Gurnah was born in Zanzibar in 1948, according to the Nobel Prize website. He arrived in England in 1968.

He was honoured with the Literature prize “for his uncompromising and compassionate penetration of the effects of colonialism and the fate of the refugee in the gulf between cultures and continents”, the Nobel Committee said in its announcement.

The chairman of the Nobel Committee for literature, Anders Olsson, called Gurnah “one of the world’s most prominent post-colonial writers”. He said Gurnah’s characters “find themselves in the gulf between cultures”, caught “between the life left behind and the life to come”.  

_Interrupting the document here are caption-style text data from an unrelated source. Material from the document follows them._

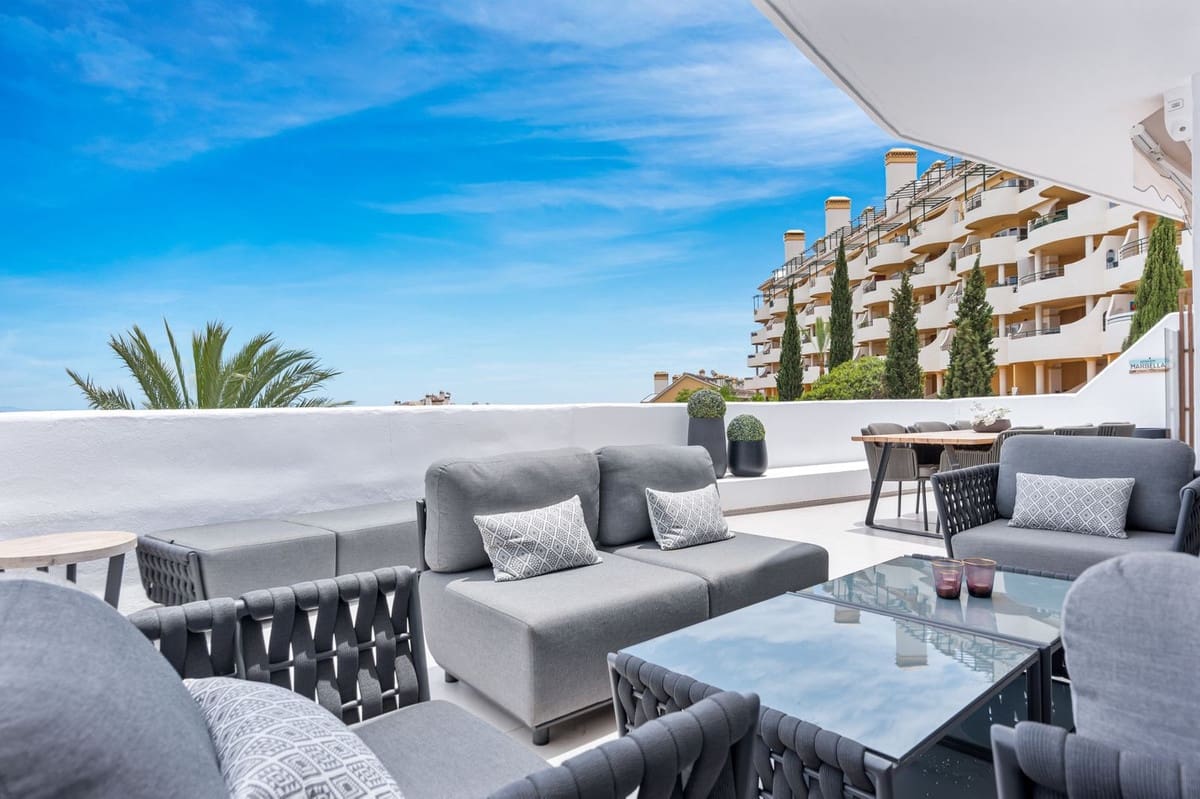 3 soveværelse Penthouse til salg i Nueva Andalucia med swimmingpool garage - € 695.000 (Ref: 7921808)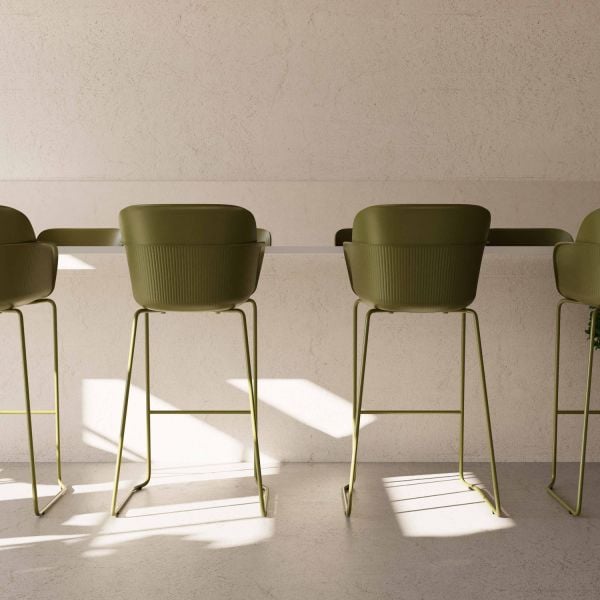 Haki Yeşil Metal Krom Ayaklı Plastik Oturumlu Bar Sandalyesi – Ergonomik, Dayanıklı ve Şık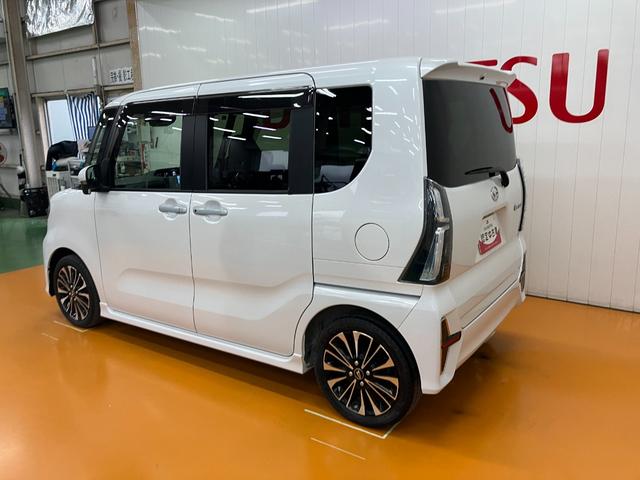 タント カスタムRS サポカーSワイド適合 ドラレコ ミラクルオープンドア 両側オートスライドドア 後席モニター 電動パーキングブレーキ パノラマモニター対応 シートヒーター コーナーセンサー USB接続端子 ETC(6枚目)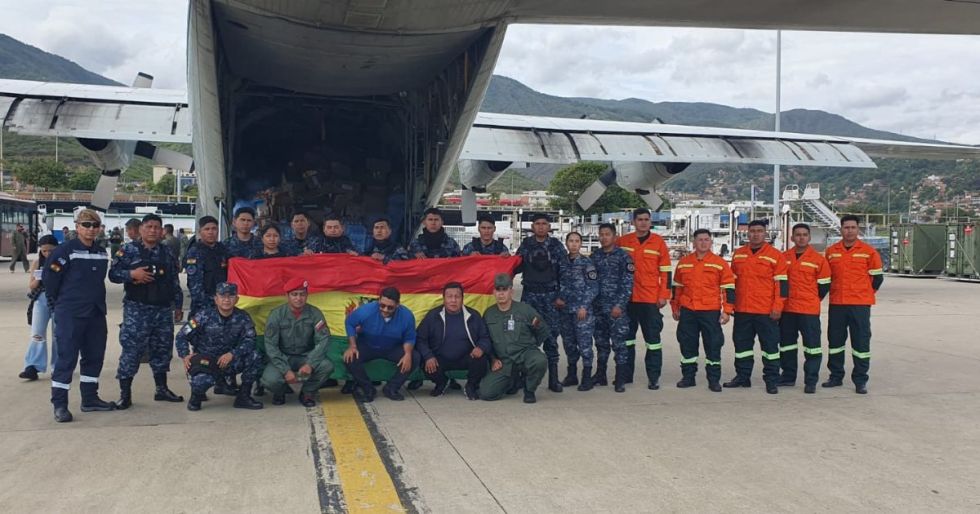 Contingente boliviano refuerza labores de búsqueda y ayuda humanitaria en Venezuela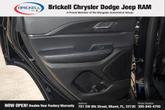 Thumbnail of 2025 Diamond Black Crystal Pearlcoat Jeep Grand Cherokee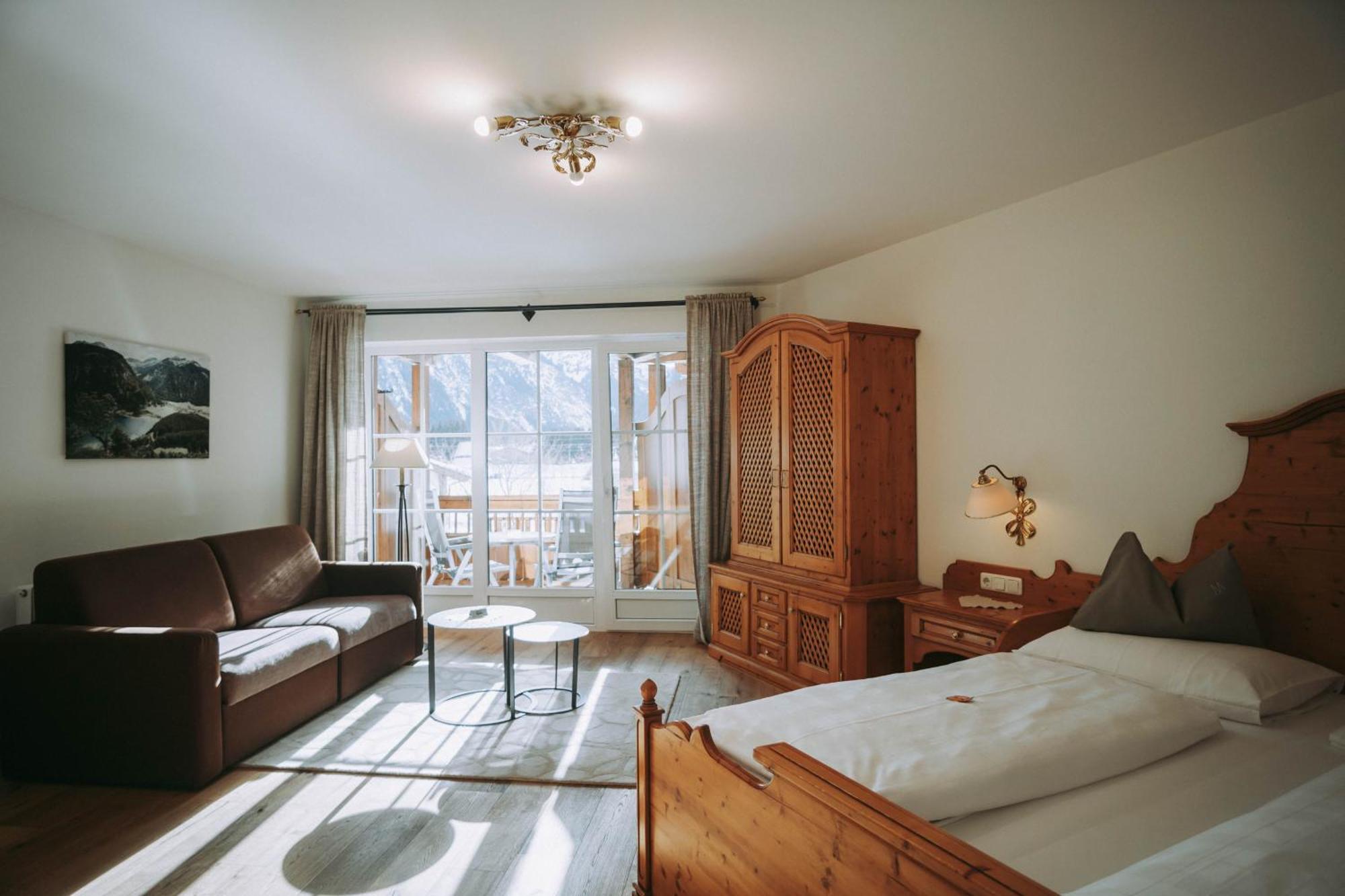 Mons Suites Wine Passion Tannheim Exterior foto
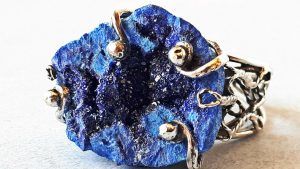 С какими камнями идеально сочетается азурит С какими камнями идеально сочетается азурит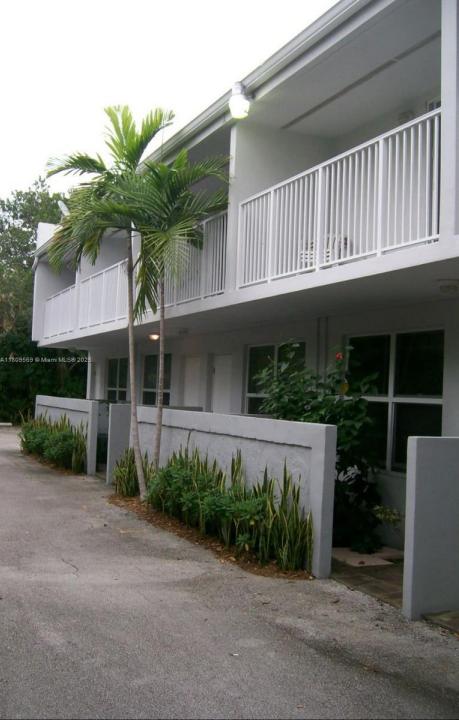 3025 Mary St 5, Miami, FL 33133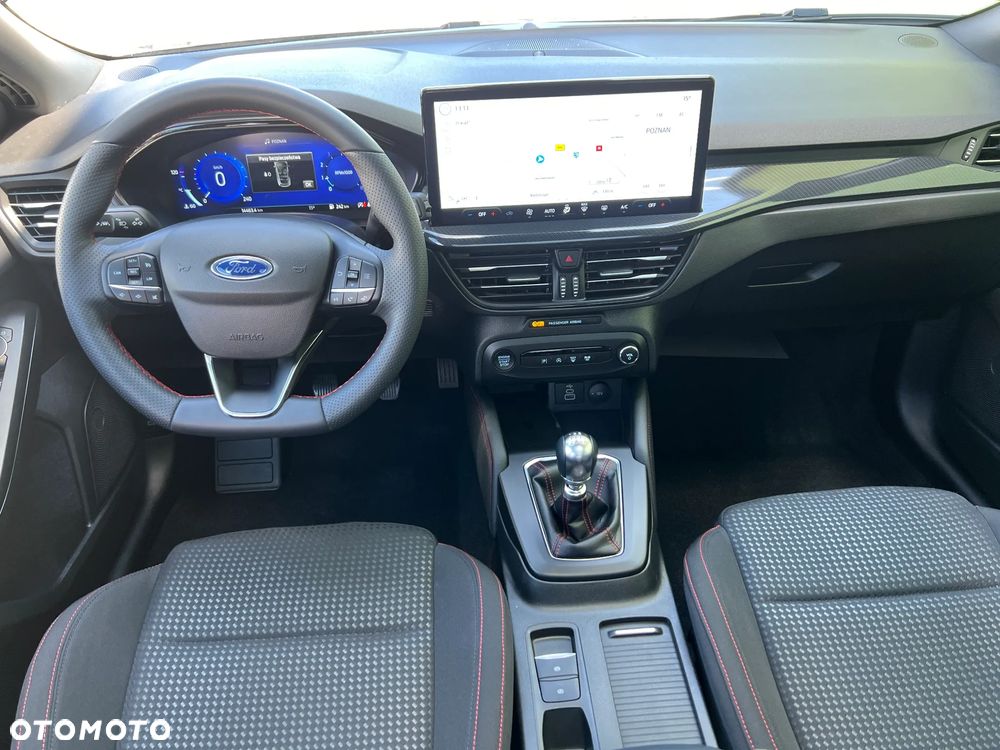 Ford Focus - 10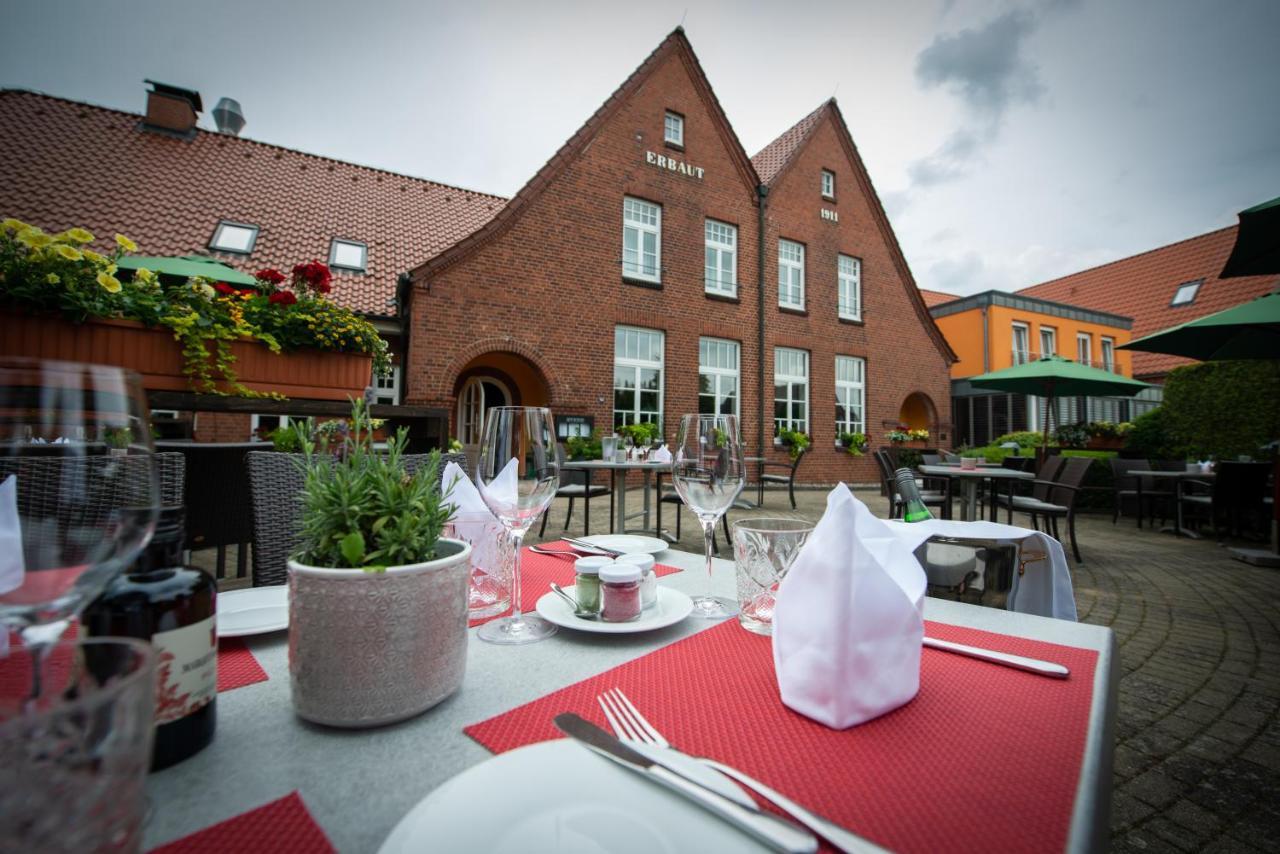 Hotel & Restaurant Alte Schule Siek ภายนอก รูปภาพ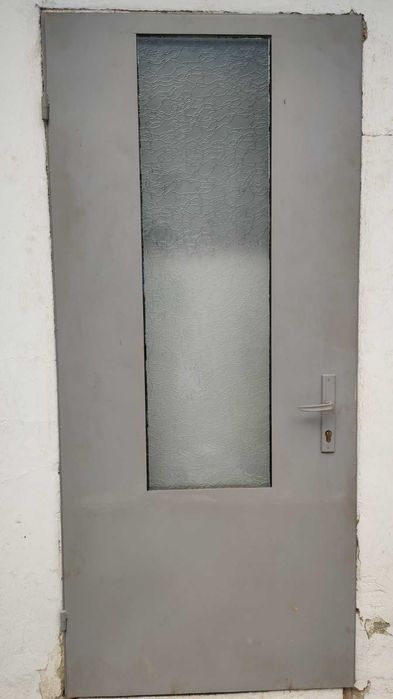 Продавам нова, двупластова метална врата изгодно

Gurnah’s first three novels – Memory of Departure (1987), Pilgrims Way (1988) and Dottie (1990) – describe the experience of immigrants living in modern-day Britain, according to the British Council website. His  novel Paradise (1994) was set in colonial-era east Africa during World War I and made the short list for the Booker Prize. 

Admiring Silence (1996) tells the story of a young man from Zanzibar who emigrates to England, gets married and becomes a teacher. By the Sea (2001) recounts the tale of an elderly asylum-seeker living in a coastal English town.

Gurnah has written 10 novels in all. He lives in Brighton and taught at the University of Kent until his retirement.

According to the university’s website, Gurnah’s “main academic interest is in postcolonial writing and in discourses associated with colonialism, especially as they relate to Africa, the Caribbean and India”.

Gurnah, whose native language is Swahili but who writes in English, is only the sixth Africa-born writer to be awarded the Nobel Prize in Literature.